WORK TO COMPLETE
In the listing below, find the line containing "正在阅览 怎么找到最适宜你的日本免费一曲二曲三曲四曲渠道？" and the line containing "Gel-Venture 9 Erkek". Repeat exactly those two lines and every line between them.
** DATA FOR ANALYSIS follows **
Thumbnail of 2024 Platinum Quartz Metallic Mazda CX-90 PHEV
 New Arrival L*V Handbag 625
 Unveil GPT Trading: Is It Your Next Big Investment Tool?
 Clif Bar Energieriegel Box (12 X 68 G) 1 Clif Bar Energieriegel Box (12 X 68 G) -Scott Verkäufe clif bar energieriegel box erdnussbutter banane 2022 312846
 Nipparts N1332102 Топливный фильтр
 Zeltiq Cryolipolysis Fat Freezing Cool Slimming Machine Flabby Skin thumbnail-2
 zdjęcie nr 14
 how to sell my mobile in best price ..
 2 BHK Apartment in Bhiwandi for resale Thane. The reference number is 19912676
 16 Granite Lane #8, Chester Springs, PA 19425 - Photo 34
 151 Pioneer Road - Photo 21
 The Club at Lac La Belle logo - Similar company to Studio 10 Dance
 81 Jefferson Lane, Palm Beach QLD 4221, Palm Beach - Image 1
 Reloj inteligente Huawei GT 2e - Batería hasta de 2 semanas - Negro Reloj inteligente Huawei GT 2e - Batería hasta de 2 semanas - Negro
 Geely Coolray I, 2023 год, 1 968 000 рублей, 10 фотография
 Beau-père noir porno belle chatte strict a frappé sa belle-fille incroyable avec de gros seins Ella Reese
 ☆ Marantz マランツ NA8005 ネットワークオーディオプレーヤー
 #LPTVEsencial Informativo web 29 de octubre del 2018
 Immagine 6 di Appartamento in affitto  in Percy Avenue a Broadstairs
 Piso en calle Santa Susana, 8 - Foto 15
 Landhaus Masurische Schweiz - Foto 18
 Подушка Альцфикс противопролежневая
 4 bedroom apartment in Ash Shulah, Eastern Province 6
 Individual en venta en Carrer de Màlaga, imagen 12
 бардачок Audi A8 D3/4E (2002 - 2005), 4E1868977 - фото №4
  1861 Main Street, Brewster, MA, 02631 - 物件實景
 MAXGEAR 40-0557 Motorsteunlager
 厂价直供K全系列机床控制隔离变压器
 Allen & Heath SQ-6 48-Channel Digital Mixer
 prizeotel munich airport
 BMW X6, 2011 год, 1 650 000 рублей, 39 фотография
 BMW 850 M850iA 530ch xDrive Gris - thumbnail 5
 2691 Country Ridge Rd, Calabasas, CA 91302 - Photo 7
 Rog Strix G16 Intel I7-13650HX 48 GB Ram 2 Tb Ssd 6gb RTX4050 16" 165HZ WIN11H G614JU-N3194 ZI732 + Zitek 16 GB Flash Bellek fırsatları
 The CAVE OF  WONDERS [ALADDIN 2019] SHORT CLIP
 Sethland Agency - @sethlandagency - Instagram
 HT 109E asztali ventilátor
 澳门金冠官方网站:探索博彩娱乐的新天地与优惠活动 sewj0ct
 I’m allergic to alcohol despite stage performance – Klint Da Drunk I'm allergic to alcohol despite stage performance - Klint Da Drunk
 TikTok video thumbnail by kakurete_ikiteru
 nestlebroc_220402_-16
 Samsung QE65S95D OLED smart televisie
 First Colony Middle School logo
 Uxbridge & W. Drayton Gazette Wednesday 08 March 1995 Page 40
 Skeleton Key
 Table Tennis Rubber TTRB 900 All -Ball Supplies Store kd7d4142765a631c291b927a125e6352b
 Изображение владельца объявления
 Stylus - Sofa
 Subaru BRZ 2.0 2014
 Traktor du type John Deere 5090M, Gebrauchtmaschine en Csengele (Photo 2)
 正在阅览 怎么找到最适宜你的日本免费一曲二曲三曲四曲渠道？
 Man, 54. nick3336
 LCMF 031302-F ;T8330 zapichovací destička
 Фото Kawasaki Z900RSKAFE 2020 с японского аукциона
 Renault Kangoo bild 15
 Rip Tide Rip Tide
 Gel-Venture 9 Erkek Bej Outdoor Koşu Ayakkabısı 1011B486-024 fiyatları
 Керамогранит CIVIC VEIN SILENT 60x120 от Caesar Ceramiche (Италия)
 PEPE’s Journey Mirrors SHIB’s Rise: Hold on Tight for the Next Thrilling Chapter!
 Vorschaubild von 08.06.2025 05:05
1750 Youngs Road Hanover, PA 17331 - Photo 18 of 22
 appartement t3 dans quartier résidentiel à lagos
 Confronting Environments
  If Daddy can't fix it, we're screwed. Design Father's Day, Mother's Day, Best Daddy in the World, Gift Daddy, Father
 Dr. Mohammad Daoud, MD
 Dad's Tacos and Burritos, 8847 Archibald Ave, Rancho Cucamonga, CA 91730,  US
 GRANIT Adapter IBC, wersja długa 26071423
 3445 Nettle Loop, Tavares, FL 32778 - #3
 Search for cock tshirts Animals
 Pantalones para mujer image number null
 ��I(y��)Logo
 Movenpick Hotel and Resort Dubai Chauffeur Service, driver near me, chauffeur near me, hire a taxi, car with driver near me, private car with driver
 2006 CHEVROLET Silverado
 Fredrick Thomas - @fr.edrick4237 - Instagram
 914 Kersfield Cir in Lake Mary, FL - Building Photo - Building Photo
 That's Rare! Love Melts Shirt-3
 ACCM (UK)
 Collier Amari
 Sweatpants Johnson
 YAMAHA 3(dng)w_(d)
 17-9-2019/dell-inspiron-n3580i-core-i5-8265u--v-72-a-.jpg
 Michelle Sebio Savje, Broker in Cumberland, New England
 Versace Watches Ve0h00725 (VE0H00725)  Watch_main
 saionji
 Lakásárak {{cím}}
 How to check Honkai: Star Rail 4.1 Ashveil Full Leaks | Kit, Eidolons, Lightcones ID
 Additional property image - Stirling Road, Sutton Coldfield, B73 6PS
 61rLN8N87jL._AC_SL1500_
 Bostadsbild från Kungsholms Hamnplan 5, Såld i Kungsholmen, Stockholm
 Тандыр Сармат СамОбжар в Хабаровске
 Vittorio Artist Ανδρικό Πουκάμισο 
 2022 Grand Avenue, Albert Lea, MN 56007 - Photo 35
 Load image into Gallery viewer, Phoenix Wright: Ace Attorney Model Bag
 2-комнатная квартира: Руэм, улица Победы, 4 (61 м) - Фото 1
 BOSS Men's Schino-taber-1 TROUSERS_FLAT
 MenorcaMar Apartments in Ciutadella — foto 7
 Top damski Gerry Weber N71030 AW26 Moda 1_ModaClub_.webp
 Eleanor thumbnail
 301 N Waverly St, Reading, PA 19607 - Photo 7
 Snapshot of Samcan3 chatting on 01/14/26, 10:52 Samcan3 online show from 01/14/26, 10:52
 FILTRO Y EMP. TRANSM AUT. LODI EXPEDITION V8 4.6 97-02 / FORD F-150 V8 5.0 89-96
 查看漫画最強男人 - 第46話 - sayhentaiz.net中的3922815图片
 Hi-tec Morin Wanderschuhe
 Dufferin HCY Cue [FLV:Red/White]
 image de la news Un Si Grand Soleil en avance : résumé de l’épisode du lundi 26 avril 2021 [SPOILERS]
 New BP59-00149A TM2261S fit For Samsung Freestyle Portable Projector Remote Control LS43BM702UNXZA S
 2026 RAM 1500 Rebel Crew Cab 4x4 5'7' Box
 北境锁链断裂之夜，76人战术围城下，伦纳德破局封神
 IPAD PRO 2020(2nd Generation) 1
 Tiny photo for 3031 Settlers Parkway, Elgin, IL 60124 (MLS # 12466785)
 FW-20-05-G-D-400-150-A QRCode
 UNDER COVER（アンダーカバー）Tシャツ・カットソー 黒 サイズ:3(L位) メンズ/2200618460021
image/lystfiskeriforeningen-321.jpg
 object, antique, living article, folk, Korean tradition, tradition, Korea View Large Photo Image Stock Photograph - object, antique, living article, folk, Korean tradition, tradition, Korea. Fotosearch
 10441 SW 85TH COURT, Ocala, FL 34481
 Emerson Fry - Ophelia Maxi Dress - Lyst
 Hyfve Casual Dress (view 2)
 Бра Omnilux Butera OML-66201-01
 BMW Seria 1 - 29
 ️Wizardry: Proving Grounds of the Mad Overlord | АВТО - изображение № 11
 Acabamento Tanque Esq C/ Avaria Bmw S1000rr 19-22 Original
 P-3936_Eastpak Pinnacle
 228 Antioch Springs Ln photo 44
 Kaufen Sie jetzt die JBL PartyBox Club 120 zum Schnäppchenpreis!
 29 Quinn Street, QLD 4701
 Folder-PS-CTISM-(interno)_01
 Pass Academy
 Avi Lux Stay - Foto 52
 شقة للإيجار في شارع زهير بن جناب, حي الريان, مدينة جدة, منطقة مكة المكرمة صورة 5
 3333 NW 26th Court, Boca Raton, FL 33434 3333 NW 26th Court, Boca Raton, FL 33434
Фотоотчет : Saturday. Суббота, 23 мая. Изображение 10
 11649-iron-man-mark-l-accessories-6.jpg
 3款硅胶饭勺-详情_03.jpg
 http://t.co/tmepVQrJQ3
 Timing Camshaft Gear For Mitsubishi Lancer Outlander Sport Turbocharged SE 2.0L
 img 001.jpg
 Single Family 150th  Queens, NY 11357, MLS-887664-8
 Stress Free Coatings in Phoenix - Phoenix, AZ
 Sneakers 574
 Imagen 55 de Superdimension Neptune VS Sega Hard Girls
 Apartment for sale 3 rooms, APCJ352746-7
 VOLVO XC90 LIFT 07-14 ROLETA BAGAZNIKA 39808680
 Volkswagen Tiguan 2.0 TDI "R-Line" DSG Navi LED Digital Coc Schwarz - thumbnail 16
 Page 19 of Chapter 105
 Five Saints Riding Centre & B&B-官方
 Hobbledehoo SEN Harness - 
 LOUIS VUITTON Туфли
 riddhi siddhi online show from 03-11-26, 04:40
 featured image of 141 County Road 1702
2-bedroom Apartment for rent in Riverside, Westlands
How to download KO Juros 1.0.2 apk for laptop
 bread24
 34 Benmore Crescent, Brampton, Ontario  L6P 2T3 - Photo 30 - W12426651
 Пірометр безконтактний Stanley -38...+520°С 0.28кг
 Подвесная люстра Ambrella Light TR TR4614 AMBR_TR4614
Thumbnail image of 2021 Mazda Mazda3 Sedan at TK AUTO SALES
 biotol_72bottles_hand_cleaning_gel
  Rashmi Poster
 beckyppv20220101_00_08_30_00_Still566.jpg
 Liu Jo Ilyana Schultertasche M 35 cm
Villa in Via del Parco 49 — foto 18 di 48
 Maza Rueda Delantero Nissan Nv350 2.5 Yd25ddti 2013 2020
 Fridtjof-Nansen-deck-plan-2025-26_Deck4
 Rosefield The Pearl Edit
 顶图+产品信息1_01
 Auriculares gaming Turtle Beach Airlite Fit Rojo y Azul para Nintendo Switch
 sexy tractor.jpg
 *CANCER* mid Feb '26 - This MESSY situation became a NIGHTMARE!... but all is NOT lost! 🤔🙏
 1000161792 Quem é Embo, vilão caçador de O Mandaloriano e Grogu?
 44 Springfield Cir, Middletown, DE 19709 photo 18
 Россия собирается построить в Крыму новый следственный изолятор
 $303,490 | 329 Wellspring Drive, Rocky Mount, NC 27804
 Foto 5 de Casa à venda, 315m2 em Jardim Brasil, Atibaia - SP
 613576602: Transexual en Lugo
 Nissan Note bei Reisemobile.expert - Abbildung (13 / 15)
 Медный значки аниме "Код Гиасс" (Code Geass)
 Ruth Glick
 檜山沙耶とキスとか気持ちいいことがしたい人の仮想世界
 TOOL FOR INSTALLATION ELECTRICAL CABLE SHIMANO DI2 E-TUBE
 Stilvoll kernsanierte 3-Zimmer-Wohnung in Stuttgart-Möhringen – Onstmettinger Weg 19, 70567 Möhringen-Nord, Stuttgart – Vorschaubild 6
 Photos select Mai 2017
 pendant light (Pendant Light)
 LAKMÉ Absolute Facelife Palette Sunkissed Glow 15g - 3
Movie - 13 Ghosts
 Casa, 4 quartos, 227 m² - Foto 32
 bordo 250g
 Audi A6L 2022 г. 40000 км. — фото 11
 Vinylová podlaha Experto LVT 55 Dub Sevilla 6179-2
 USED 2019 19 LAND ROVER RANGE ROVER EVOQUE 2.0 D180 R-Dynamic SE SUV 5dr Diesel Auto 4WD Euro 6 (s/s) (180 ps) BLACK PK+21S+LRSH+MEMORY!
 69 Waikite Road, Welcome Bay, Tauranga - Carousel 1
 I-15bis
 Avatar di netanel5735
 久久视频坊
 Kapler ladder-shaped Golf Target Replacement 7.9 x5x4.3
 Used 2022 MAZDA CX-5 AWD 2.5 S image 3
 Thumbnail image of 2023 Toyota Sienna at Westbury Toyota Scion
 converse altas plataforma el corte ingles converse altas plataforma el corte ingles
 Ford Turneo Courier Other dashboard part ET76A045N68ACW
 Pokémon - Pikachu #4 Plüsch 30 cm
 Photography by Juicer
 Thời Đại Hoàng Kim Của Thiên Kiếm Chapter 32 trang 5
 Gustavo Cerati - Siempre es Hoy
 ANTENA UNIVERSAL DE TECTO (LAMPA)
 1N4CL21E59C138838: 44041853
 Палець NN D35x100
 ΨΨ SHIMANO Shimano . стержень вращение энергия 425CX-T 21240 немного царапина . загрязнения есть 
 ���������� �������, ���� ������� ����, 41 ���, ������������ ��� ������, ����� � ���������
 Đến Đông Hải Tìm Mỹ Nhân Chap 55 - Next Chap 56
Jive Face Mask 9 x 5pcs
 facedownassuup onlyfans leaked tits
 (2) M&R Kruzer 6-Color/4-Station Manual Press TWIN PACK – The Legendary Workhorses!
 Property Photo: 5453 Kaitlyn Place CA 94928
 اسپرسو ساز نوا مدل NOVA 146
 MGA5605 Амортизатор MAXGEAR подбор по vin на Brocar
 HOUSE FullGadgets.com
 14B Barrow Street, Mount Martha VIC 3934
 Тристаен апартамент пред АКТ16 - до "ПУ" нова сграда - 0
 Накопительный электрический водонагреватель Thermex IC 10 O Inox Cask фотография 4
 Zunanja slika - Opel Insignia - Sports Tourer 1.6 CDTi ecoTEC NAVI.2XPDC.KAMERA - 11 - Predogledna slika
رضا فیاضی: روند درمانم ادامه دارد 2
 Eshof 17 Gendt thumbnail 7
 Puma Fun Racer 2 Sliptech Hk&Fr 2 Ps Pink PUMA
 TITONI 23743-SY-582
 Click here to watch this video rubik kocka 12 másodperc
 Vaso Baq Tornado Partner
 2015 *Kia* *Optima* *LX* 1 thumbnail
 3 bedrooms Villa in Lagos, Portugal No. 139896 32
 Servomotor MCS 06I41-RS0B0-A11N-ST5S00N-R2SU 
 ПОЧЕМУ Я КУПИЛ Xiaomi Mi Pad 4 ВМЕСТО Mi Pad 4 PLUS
** End of DATA FOR ANALYSIS **
REPLY
 正在阅览 怎么找到最适宜你的日本免费一曲二曲三曲四曲渠道？
 Man, 54. nick3336
 LCMF 031302-F ;T8330 zapichovací destička
 Фото Kawasaki Z900RSKAFE 2020 с японского аукциона
 Renault Kangoo bild 15
 Rip Tide Rip Tide
 Gel-Venture 9 Erkek Bej Outdoor Koşu Ayakkabısı 1011B486-024 fiyatları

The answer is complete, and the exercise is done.